Bulgaria’s 2020/21 ski season: Optimism or pragmatism?
As the first snow of the year appears, thoughts at this time of year usually turn to the forthcoming ski season, but this year is of course somewhat different than anyone can remember and the thought of whether to ski or not, let alone where to ski, is more than likely on the back burner.
The summer resorts on the Black Sea made a decent attempt of rescuing some sort of business, despite the deck of cards being stacked against them.
Just how successful or not they were is left open for discussion as the usual press releases from whatever Ministry is responsible that usually start with “this year XXXX was per cent higher than the same period last year”, regardless of what they were referring to, seem to be noticeable by their absence. This year that template has most definitely gone out of the window.
So now we come to the ski season and the main resorts of Bansko, Borovets and Pamporovo are no doubt chewing their finger nails as to what the winter holds in store for them.
The one thing that is for sure is that winter will be a battle for survival and that battle is not being helped by the governments of Germany, France and Italy proposing to the other EU members that their ski resorts remain shut until January. Austria is against this suggestion and so too is Bulgaria.
The Bulgarian Ministry of Tourism, perhaps rightly, arguing that the Bulgarian ski resorts are meeting all the criteria laid down with regards to sanitary and the general health of safety of people using these resorts. To this, one cannot argue.
However, when it then says that the resorts will rely on domestic tourists and tourists from neighbouring countries, then that is the time to start to worry.
Skiing is not a cheap pastime and the ski resorts may well not be helping themselves either. The cost of skiing at the three main resorts will roughly be the same as last year but how many families can afford the 50—60 leva per adult per day just for the ski pass? Plus the cost of possible equipment hire and then there is the cost of accommodation and the cost of food in what are generally overpriced (by the national standard) restaurants who aim or prefer to service the unknowing foreigner.
That’s not to say there aren’t good restaurants in Bansko etc, as there are many, but these often remain a well kept secret for those in the know and do not rely on the foreign tourists.
Anyway, we digress: the domestic tourist is significantly keener on taking a summer holiday than a winter one: the same tourist also has a wide selection of Black Sea options from cheap to expensive in both accommodation and places to eat; the ski resorts do not necessarily follow the same pattern of thinking.
So will the tourists from the neighbouring countries take up the slack? Unlikely is the simple answer.
They too will be faced with unknown travel restrictions, pressure not to travel and the new state of normality that has already seen them miss a summer holiday overseas so missing a winter one will not be earth shattering.
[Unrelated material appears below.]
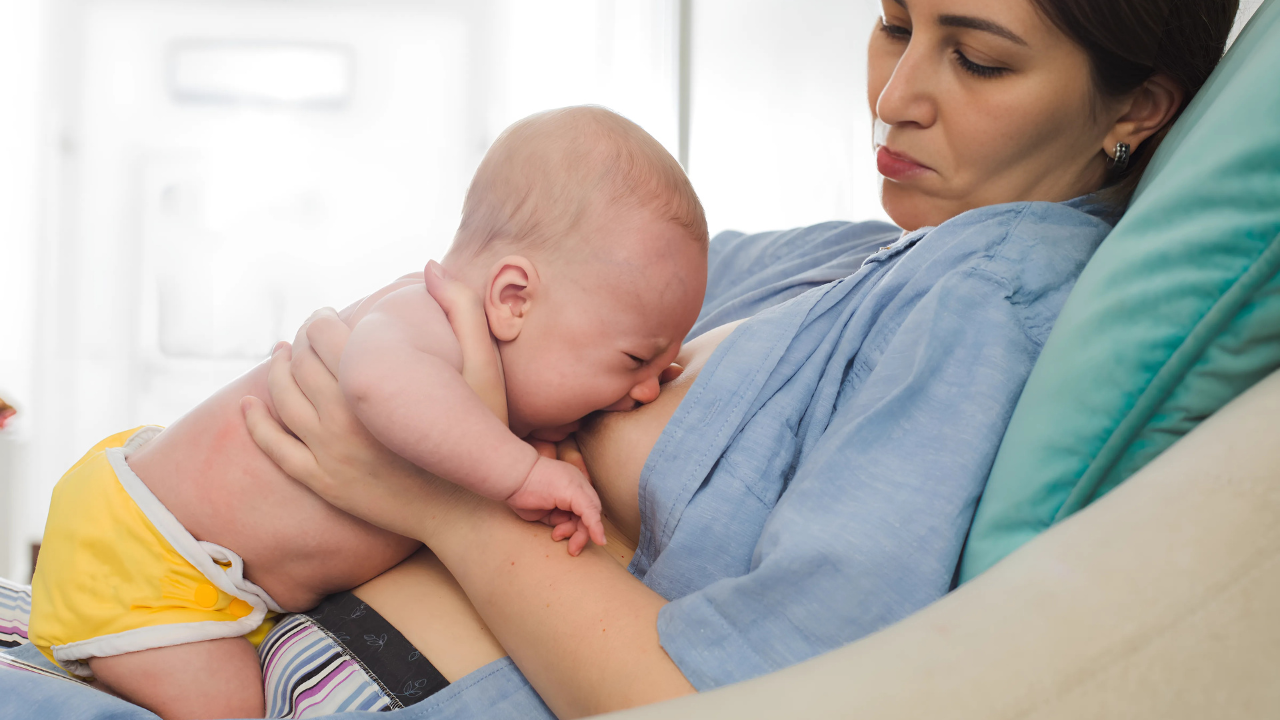 Bebê Rejeitando a Amamentação: Entenda os Motivos e Saiba Como Resolver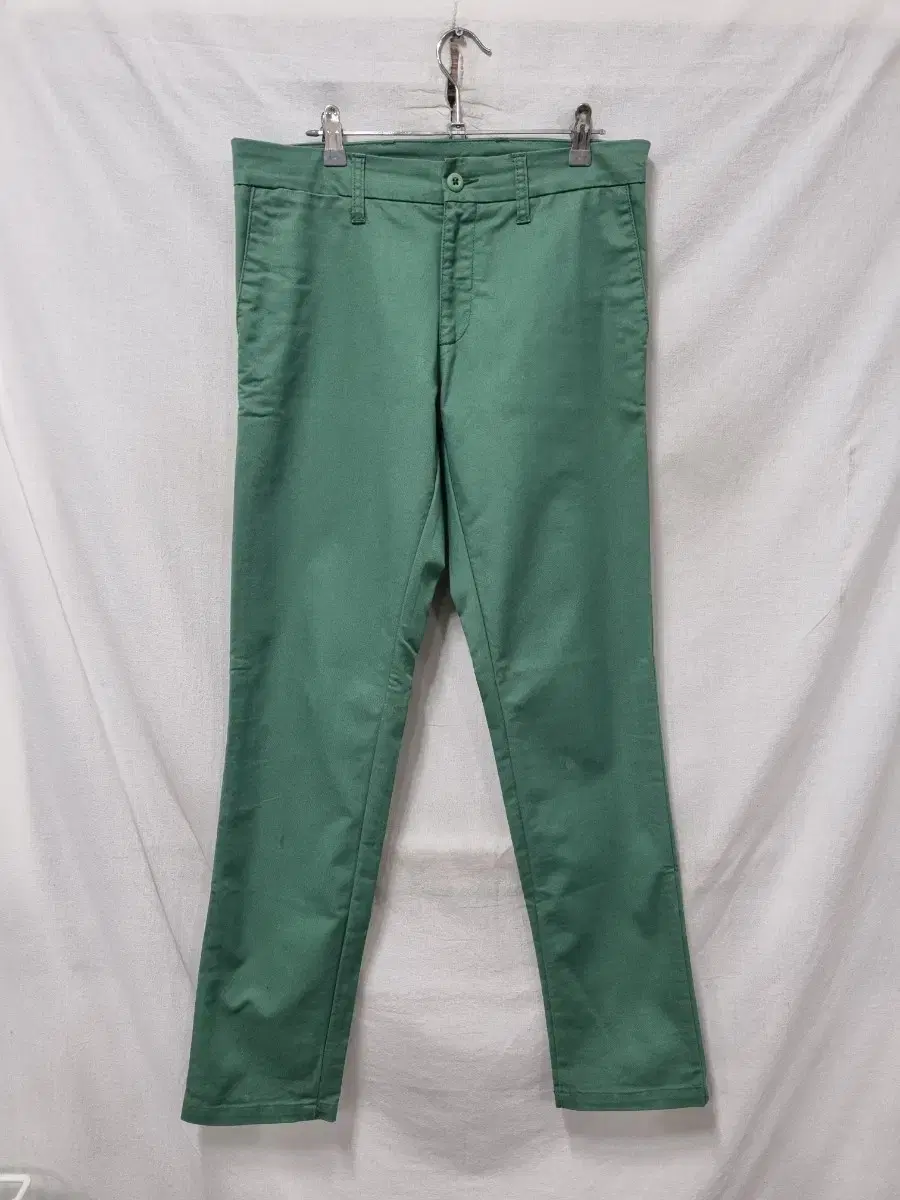 Calhart Pants 32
This is aside of possible financial limitations the new state of being may have also created for potential tourists.
Much is made of the fact that (apparently) some 100 000 Bulgarians travel across Europe for ski holidays each winter season.
The hope of the Tourism Ministry seems to be that rather than spending a week in Austria or Italy etc, these people will spend a week in the Bulgarian ski resorts and spend the same amount of cash.
It seems that the habits of skiers are not understood. These same people will, almost certainly, ski in Bulgaria: they always do, every year; but this is for the weekend or the odd day every other week and does not generally see them willing to or wanting to spend a week in a ski resort they can drive to in one hour or so and where the size of the ski area is miniscule to the ones offered in the likes of Austria and Italy, which is the reason they travel there in the first place.
Bansko, Borovets and Pamporovo have top class European standard facilities and pistes, what they don’t have is size to keep the avid skier interested.
Figures can and do paint whatever picture is intended for them and the latest bullet point figures that the numbers for the winter season are 40 per cent down on last year, really needs to be qualified.
At this time of year, it may be that usually only 10 or 20 per cent of the people that intend to go skiing have actually made firm plans.
Thus, another way of looking at the figures might be that so far this year only six or 12 per cent of the usual total year-on-year bookings have been made!
If the ski season ends up with only a 40 per cent decrease, then this will be fantastic news for the ski resorts.
The reality is that seeing that there are very few flights that will operate this winter from the key source markets such as Germany, the UK and Spain and that the charter flights will be non-existent, the hole that these absent skiers leave cannot ever be filled, despite the optimism.
Everyone hopes that those involved in the ski sector survive to fight another day. One can be optimistic but it is perhaps currently better to be pragmatic and to think and plan accordingly.